Overall it seems that the Helmholtz PDE residual was easier to minimize than the heterogeneous PDE. There also appears to be a trend where the residuals are lower (for both PDEs) when omega0 is higher.

In [None]:
fig = ps.plot(
    metrics.reset_index(),
    x=param_cols,
    y=['mu_pred_MAD'],
    height=8, width=3,
    tight=True
)

Here we are looking at the median absolute deviation of the predict stiffness in each of the regions. There is a very clear signal in the PDE name plot: Using the heterogeneous PDE results in lower error in the predicted stiffness per region, compared to the Helmholtz PDE. There may be a trend in the omeg0 and activ_fn plots as well, but it's less clear.

In [None]:
fig = ps.plot(
    metrics.reset_index(),
    x=param_cols,
    y=['mu_pred_MAD'],
    hue='pde_name',
    height=4, width=3,
    tight=True
)
fig.savefig('1d_experiment_mu_pred_MAD.png', dpi=300, bbox_inches='tight')

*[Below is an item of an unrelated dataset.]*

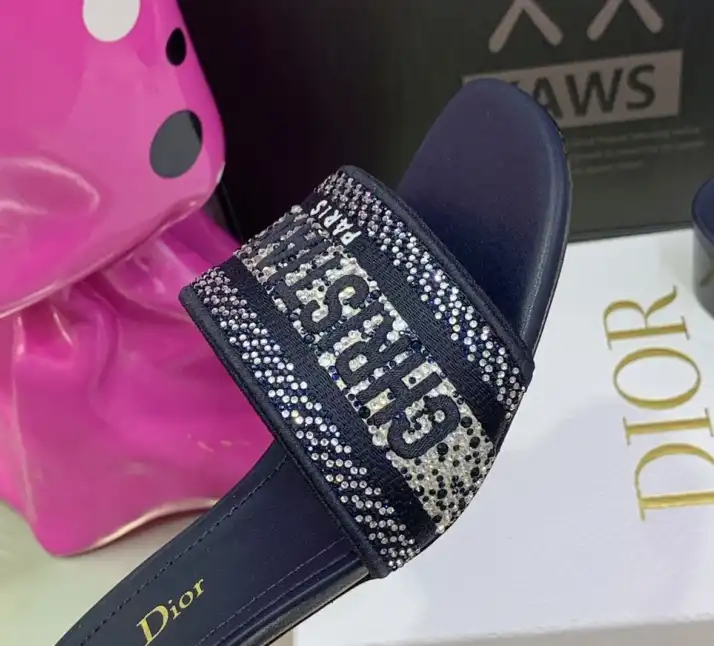 hype Christian Dior Slippers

This plot emphasizes a clear and statistically significant signal from using the heterogeneous PDE instead of the Helmholtz PDE, resulting in more accurate predicted stiffness.

In [None]:
m = metrics.reset_index()
m['Mean % mu error (by region)'] = m['mu_pred_MAD'] / m['mu_true_MAV'] * 100

fig = ps.plot(
    m,
    x=param_cols,
    y=['Mean % mu error (by region)'],
    hue='pde_name',
    height=4, width=3,
    tight=True
)
fig.savefig('1d_experiment_mu_pred_MAD_relative.png', dpi=300, bbox_inches='tight')

In [None]:
agg = metrics.reset_index().groupby(param_cols).mean()

In [None]:
import matplotlib.pyplot as plt
import seaborn as sns

fig = sns.lmplot(data=agg.reset_index(), x='PDE_MSAE', y='mu_pred_MAD', hue='pde_name')
fig.savefig('1d_experiment_mu_pred_MAD_corr.png', dpi=200, bbox_inches='tight')

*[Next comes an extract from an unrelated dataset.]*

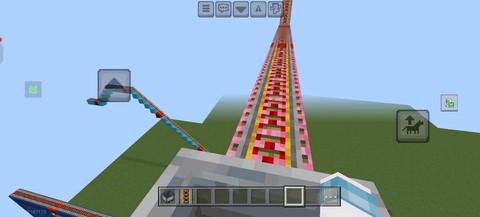 我的世界怎么做伸缩桥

Even though using the heterogeneous PDE instead of Helmholtz consistently improves reconstruction quality, there is not a clear correlation between the PDE residual and the reconstruction quality. If anything, the Helmholtz residual is more strongly correlated with mu error, even though mu error is higher in absolute terms.

In [None]:
m = metrics.reset_index()

fig = ps.plot(
    m[m.pde_name == 'hetero'].copy(),
    x=param_cols[1:],
    y=['mu_pred_MAD'],
    height=5.5, width=3,
    tight=True
)

There does not seem to be a relationship with the PDE distribution. So even though I was correct that the Helmholtz PDE seems worse then heterogeneous, the reason why does not seem to be related to the domain sampling distribution.